EXERCISE:
Reproduce the entries below, please. Keep every character the same.

(Web page caption snippets)
-=-=-

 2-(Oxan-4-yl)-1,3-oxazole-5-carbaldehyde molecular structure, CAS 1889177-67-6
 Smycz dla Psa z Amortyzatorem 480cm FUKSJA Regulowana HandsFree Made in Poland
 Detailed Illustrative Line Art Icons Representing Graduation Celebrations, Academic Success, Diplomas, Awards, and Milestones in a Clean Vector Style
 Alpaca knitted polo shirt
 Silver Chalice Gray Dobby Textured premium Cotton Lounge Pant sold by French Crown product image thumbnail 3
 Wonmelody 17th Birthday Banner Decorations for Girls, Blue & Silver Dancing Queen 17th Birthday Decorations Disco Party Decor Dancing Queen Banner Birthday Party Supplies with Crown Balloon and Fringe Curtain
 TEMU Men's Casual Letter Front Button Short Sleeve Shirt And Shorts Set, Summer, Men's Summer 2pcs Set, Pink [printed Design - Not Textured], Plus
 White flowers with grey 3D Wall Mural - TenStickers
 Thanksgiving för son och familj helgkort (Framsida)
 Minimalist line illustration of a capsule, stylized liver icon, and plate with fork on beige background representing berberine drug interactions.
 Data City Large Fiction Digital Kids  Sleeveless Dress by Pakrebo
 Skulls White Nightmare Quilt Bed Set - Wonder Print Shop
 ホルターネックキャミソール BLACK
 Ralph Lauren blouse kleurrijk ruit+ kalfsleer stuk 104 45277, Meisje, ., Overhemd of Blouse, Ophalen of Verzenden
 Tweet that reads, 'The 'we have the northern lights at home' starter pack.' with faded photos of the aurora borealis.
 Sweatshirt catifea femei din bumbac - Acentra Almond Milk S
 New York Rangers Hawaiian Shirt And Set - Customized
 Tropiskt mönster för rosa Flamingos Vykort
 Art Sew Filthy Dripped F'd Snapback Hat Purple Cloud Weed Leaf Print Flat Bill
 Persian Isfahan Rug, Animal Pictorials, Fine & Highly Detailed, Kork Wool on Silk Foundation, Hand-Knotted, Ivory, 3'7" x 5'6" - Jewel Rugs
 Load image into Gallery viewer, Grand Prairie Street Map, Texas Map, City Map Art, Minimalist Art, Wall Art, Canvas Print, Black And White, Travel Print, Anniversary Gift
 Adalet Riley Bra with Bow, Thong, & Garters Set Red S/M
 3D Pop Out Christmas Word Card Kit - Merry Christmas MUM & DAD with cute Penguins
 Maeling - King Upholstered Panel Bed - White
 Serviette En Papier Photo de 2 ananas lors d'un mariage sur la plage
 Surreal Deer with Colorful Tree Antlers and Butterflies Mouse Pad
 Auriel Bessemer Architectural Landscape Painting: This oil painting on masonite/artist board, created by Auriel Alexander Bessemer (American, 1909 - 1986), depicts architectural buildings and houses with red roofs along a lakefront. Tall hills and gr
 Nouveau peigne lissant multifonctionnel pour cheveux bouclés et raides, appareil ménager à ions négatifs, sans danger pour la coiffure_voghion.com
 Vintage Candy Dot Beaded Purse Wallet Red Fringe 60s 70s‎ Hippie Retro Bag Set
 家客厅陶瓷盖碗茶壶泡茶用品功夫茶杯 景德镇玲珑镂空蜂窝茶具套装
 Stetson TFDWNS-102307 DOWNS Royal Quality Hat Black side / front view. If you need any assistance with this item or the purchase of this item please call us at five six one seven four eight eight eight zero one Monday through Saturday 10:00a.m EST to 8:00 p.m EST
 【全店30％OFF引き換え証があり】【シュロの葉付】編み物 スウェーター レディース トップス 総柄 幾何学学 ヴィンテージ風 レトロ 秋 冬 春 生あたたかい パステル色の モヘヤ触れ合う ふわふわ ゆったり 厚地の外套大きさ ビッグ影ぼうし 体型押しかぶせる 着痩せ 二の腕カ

-=-=-

SOLUTION:
 2-(Oxan-4-yl)-1,3-oxazole-5-carbaldehyde molecular structure, CAS 1889177-67-6
 Smycz dla Psa z Amortyzatorem 480cm FUKSJA Regulowana HandsFree Made in Poland
 Detailed Illustrative Line Art Icons Representing Graduation Celebrations, Academic Success, Diplomas, Awards, and Milestones in a Clean Vector Style
 Alpaca knitted polo shirt
 Silver Chalice Gray Dobby Textured premium Cotton Lounge Pant sold by French Crown product image thumbnail 3
 Wonmelody 17th Birthday Banner Decorations for Girls, Blue & Silver Dancing Queen 17th Birthday Decorations Disco Party Decor Dancing Queen Banner Birthday Party Supplies with Crown Balloon and Fringe Curtain
 TEMU Men's Casual Letter Front Button Short Sleeve Shirt And Shorts Set, Summer, Men's Summer 2pcs Set, Pink [printed Design - Not Textured], Plus
 White flowers with grey 3D Wall Mural - TenStickers
 Thanksgiving för son och familj helgkort (Framsida)
 Minimalist line illustration of a capsule, stylized liver icon, and plate with fork on beige background representing berberine drug interactions.
 Data City Large Fiction Digital Kids  Sleeveless Dress by Pakrebo
 Skulls White Nightmare Quilt Bed Set - Wonder Print Shop
 ホルターネックキャミソール BLACK
 Ralph Lauren blouse kleurrijk ruit+ kalfsleer stuk 104 45277, Meisje, ., Overhemd of Blouse, Ophalen of Verzenden
 Tweet that reads, 'The 'we have the northern lights at home' starter pack.' with faded photos of the aurora borealis.
 Sweatshirt catifea femei din bumbac - Acentra Almond Milk S
 New York Rangers Hawaiian Shirt And Set - Customized
 Tropiskt mönster för rosa Flamingos Vykort
 Art Sew Filthy Dripped F'd Snapback Hat Purple Cloud Weed Leaf Print Flat Bill
 Persian Isfahan Rug, Animal Pictorials, Fine & Highly Detailed, Kork Wool on Silk Foundation, Hand-Knotted, Ivory, 3'7" x 5'6" - Jewel Rugs
 Load image into Gallery viewer, Grand Prairie Street Map, Texas Map, City Map Art, Minimalist Art, Wall Art, Canvas Print, Black And White, Travel Print, Anniversary Gift
 Adalet Riley Bra with Bow, Thong, & Garters Set Red S/M
 3D Pop Out Christmas Word Card Kit - Merry Christmas MUM & DAD with cute Penguins
 Maeling - King Upholstered Panel Bed - White
 Serviette En Papier Photo de 2 ananas lors d'un mariage sur la plage
 Surreal Deer with Colorful Tree Antlers and Butterflies Mouse Pad
 Auriel Bessemer Architectural Landscape Painting: This oil painting on masonite/artist board, created by Auriel Alexander Bessemer (American, 1909 - 1986), depicts architectural buildings and houses with red roofs along a lakefront. Tall hills and gr
 Nouveau peigne lissant multifonctionnel pour cheveux bouclés et raides, appareil ménager à ions négatifs, sans danger pour la coiffure_voghion.com
 Vintage Candy Dot Beaded Purse Wallet Red Fringe 60s 70s‎ Hippie Retro Bag Set
 家客厅陶瓷盖碗茶壶泡茶用品功夫茶杯 景德镇玲珑镂空蜂窝茶具套装
 Stetson TFDWNS-102307 DOWNS Royal Quality Hat Black side / front view. If you need any assistance with this item or the purchase of this item please call us at five six one seven four eight eight eight zero one Monday through Saturday 10:00a.m EST to 8:00 p.m EST
 【全店30％OFF引き換え証があり】【シュロの葉付】編み物 スウェーター レディース トップス 総柄 幾何学学 ヴィンテージ風 レトロ 秋 冬 春 生あたたかい パステル色の モヘヤ触れ合う ふわふわ ゆったり 厚地の外套大きさ ビッグ影ぼうし 体型押しかぶせる 着痩せ 二の腕カ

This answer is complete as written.